Segment Start: Data extract
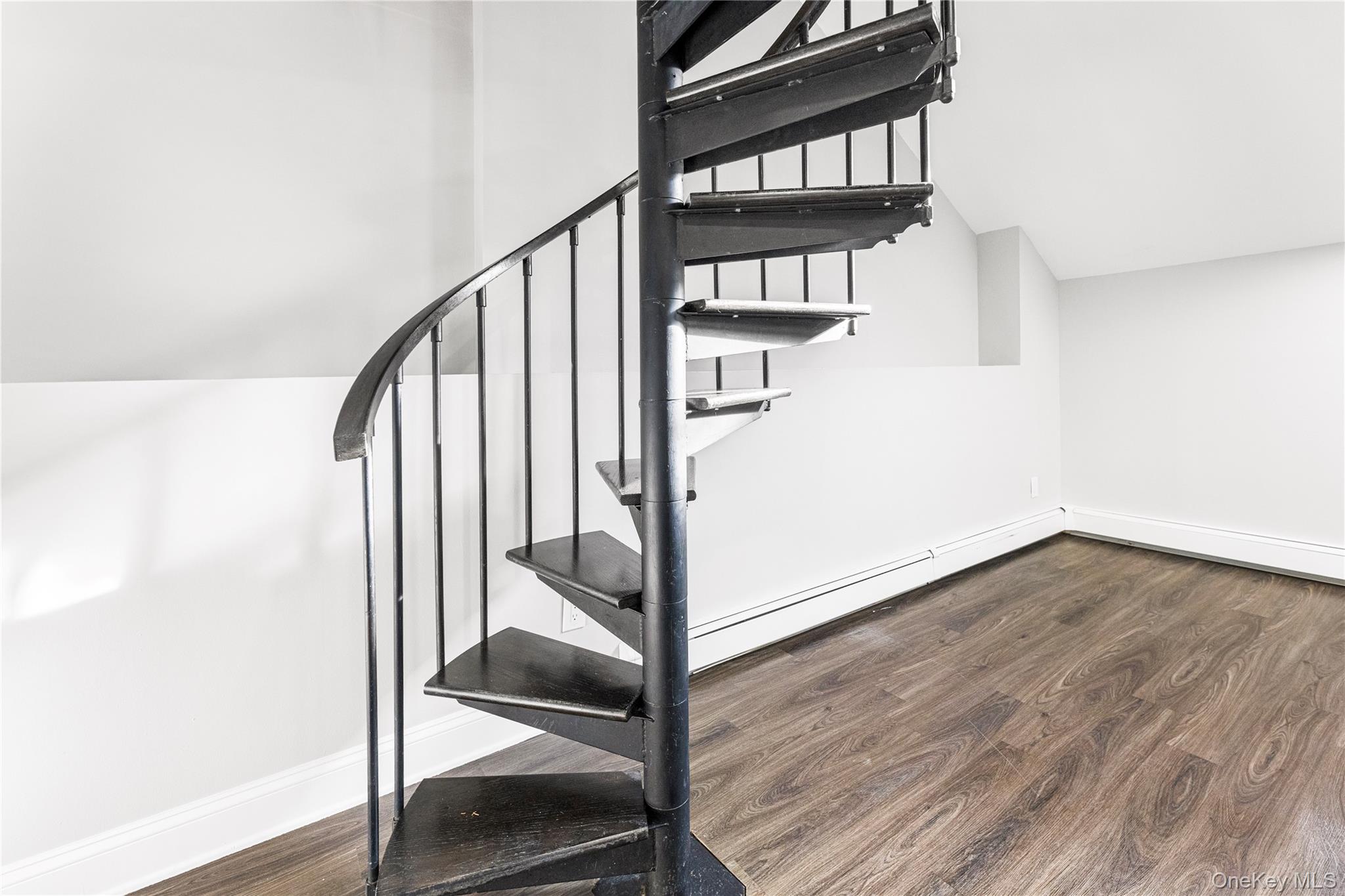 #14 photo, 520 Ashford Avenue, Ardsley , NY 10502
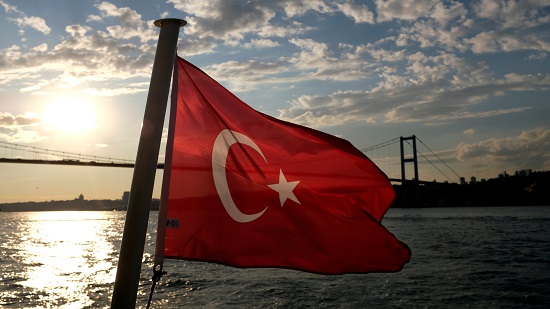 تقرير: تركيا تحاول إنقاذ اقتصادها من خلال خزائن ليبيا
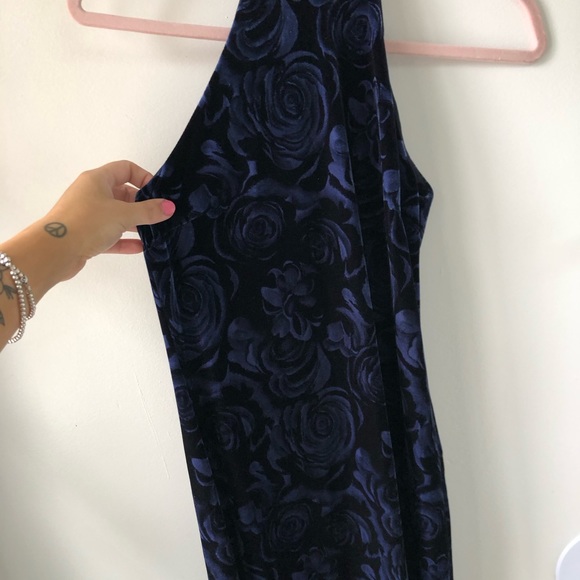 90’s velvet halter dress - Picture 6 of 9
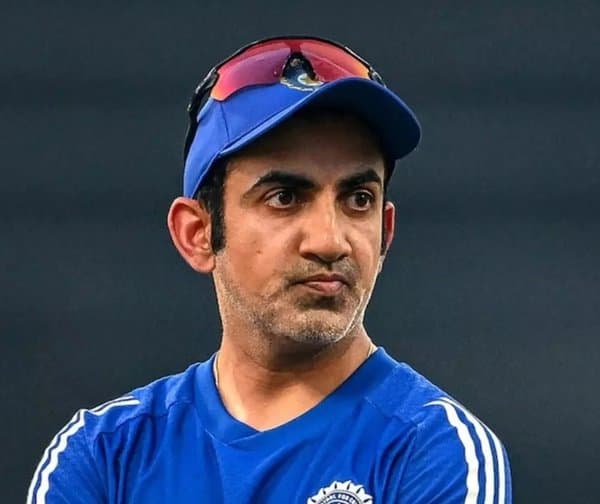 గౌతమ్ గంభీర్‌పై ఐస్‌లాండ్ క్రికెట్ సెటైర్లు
Segment End: Data extract
Problem statement ▸ Without the pictures, write out the entire listing exactly.

Exercise solution ▸
 #14 photo, 520 Ashford Avenue, Ardsley , NY 10502
 تقرير: تركيا تحاول إنقاذ اقتصادها من خلال خزائن ليبيا
 90’s velvet halter dress - Picture 6 of 9
 గౌతమ్ గంభీర్‌పై ఐస్‌లాండ్ క్రికెట్ సెటైర్లు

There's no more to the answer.